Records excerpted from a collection
=== Begin Enclosure ===
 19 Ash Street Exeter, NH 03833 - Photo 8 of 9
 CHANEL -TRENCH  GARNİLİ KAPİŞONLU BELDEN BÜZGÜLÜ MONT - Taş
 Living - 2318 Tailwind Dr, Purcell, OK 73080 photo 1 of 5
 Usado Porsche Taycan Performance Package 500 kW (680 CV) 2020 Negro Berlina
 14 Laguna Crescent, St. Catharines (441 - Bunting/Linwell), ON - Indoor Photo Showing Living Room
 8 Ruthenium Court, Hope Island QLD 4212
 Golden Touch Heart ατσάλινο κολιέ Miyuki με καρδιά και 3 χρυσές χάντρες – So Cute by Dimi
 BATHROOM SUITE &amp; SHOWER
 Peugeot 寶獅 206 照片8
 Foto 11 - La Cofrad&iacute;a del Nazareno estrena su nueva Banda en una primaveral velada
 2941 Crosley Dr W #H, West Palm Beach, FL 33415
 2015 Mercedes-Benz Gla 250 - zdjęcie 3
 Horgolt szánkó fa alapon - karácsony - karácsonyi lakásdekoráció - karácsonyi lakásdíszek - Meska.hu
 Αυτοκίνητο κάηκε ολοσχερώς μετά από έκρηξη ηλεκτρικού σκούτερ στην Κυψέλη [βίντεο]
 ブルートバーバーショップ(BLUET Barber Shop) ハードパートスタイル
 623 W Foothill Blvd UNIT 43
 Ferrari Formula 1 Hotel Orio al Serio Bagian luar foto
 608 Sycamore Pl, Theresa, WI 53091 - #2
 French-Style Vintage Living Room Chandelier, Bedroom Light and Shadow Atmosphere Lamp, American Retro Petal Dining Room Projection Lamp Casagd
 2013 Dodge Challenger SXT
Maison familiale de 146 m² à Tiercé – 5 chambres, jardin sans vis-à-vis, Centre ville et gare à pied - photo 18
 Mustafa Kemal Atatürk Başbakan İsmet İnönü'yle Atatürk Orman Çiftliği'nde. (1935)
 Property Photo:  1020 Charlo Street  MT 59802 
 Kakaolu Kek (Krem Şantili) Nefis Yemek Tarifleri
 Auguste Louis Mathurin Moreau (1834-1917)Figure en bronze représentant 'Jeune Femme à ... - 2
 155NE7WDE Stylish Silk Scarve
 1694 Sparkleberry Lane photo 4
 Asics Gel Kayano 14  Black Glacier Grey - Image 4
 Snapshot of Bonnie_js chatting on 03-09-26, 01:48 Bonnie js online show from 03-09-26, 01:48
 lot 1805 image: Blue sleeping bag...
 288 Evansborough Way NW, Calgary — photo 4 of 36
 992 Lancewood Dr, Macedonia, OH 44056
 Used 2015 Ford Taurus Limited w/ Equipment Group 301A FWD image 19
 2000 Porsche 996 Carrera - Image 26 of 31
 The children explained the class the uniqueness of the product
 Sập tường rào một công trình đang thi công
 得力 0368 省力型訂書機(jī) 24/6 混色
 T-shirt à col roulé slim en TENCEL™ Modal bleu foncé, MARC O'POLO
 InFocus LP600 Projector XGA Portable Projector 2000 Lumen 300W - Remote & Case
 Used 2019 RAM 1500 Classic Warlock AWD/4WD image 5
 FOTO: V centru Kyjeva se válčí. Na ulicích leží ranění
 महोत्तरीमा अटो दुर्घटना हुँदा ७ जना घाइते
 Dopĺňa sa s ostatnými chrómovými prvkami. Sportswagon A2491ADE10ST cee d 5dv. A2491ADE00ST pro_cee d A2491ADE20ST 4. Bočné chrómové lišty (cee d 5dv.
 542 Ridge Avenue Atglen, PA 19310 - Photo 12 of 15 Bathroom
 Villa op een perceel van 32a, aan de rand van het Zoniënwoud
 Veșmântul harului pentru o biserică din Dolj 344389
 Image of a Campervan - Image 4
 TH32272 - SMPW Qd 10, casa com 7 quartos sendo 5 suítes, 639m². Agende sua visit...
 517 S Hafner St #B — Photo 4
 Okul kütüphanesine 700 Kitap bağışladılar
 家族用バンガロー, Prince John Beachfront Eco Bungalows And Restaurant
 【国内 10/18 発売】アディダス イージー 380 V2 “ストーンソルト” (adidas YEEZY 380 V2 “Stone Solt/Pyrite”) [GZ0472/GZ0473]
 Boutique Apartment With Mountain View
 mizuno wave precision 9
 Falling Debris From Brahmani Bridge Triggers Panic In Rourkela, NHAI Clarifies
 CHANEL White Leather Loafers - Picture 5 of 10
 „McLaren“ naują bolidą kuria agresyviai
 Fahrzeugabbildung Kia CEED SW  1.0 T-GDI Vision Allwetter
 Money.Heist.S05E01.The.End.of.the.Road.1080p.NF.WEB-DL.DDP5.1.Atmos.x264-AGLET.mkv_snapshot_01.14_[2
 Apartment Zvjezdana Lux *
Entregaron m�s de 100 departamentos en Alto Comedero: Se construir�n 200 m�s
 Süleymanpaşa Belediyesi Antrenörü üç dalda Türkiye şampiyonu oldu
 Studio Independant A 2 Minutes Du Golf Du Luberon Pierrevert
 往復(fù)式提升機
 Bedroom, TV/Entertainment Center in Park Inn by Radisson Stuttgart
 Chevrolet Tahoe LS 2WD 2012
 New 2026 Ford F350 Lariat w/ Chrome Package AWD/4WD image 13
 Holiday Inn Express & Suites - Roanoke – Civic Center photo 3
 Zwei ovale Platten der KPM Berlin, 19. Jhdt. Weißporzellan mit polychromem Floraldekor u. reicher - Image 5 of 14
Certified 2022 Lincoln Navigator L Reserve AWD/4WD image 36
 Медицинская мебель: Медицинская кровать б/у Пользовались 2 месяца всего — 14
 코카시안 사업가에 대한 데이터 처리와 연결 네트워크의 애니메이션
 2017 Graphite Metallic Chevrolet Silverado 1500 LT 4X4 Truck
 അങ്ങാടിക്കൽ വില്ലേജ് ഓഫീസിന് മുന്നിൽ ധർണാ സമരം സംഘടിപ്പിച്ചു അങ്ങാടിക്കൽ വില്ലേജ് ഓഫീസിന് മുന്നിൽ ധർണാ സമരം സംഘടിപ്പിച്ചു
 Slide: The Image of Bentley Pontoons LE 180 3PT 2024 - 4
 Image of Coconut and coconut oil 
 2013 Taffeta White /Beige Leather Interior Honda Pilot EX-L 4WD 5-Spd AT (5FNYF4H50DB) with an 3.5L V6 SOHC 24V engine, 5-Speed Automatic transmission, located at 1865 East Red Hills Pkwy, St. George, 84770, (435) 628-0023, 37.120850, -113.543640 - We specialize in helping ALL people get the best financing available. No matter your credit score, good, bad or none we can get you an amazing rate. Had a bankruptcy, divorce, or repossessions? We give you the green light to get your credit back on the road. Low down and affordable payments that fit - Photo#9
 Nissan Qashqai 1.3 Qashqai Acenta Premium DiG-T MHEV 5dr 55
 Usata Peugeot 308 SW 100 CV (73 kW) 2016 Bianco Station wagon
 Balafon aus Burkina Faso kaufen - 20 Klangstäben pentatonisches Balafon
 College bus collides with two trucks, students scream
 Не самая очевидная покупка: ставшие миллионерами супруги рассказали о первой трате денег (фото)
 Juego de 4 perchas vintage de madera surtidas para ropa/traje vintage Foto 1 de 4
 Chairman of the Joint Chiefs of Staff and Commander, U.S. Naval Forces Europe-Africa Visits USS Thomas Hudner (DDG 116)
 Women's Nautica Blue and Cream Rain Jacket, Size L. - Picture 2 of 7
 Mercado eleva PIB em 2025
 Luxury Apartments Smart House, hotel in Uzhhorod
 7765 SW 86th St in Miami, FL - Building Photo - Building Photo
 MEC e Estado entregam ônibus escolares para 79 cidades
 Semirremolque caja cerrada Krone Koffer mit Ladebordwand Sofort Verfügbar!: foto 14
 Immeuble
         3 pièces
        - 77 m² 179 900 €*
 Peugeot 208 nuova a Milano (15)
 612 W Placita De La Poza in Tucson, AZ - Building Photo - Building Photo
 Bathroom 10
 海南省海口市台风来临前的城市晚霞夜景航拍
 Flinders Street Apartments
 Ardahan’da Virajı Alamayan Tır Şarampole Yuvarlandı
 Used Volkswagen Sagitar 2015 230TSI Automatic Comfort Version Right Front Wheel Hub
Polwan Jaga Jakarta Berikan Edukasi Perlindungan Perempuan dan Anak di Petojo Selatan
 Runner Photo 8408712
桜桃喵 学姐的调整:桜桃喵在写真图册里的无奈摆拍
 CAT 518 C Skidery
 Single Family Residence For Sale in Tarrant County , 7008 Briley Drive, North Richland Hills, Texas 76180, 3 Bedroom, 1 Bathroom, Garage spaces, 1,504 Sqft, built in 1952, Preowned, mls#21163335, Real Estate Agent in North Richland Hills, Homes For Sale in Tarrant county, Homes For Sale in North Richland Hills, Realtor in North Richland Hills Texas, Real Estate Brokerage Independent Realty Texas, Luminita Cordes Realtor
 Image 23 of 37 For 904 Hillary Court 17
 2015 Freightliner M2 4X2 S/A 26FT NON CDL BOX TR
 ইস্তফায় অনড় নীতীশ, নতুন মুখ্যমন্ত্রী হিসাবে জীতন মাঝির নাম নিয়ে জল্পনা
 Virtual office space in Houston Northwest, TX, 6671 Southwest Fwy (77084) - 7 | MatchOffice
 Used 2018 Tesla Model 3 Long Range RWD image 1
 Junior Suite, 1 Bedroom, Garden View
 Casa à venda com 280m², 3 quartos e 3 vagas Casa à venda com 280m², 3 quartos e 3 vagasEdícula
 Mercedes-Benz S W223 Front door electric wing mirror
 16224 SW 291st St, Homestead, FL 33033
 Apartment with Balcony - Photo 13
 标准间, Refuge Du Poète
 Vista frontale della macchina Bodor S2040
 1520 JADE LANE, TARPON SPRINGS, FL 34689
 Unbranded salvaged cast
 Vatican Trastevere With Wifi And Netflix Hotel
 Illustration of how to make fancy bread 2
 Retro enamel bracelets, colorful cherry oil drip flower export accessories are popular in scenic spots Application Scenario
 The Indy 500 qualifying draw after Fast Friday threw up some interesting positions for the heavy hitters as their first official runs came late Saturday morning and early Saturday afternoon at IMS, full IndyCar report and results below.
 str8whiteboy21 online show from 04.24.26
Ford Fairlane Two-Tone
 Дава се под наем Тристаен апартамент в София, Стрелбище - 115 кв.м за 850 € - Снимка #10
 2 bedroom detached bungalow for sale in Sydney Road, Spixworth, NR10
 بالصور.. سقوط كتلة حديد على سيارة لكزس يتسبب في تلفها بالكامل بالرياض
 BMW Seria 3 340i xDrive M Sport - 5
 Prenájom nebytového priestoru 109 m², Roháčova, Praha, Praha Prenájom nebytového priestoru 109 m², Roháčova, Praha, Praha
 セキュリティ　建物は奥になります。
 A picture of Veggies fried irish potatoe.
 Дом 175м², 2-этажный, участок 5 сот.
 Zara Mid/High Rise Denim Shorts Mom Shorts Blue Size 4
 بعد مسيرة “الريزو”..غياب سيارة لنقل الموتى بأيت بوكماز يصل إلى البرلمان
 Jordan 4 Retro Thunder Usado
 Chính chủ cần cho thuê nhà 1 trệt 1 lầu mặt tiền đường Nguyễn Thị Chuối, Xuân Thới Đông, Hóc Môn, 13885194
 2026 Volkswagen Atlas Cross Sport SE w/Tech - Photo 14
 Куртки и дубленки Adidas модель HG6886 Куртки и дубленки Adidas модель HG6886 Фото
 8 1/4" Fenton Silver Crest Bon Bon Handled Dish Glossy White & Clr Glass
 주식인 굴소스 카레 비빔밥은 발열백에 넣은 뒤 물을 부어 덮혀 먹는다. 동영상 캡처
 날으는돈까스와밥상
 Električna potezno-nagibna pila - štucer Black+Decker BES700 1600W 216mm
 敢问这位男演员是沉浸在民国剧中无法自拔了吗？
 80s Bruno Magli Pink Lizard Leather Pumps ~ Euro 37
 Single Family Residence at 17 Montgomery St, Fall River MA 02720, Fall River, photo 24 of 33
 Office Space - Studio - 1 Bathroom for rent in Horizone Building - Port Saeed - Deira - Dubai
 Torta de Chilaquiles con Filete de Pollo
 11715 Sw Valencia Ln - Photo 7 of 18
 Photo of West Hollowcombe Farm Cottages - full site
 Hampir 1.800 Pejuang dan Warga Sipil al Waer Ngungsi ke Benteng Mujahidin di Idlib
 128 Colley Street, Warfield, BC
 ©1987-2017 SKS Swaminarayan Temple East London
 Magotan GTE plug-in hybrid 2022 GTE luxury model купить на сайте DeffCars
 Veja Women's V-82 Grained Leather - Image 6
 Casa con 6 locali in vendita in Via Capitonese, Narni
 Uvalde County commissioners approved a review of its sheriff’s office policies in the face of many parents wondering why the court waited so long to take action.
=== End Enclosure ===
- **TASK OBJECTIVE**
Copy every line of the entries above in which "Hills" occurs.

- **TASK OUTPUT**
 2013 Taffeta White /Beige Leather Interior Honda Pilot EX-L 4WD 5-Spd AT (5FNYF4H50DB) with an 3.5L V6 SOHC 24V engine, 5-Speed Automatic transmission, located at 1865 East Red Hills Pkwy, St. George, 84770, (435) 628-0023, 37.120850, -113.543640 - We specialize in helping ALL people get the best financing available. No matter your credit score, good, bad or none we can get you an amazing rate. Had a bankruptcy, divorce, or repossessions? We give you the green light to get your credit back on the road. Low down and affordable payments that fit - Photo#9
 Single Family Residence For Sale in Tarrant County , 7008 Briley Drive, North Richland Hills, Texas 76180, 3 Bedroom, 1 Bathroom, Garage spaces, 1,504 Sqft, built in 1952, Preowned, mls#21163335, Real Estate Agent in North Richland Hills, Homes For Sale in Tarrant county, Homes For Sale in North Richland Hills, Realtor in North Richland Hills Texas, Real Estate Brokerage Independent Realty Texas, Luminita Cordes Realtor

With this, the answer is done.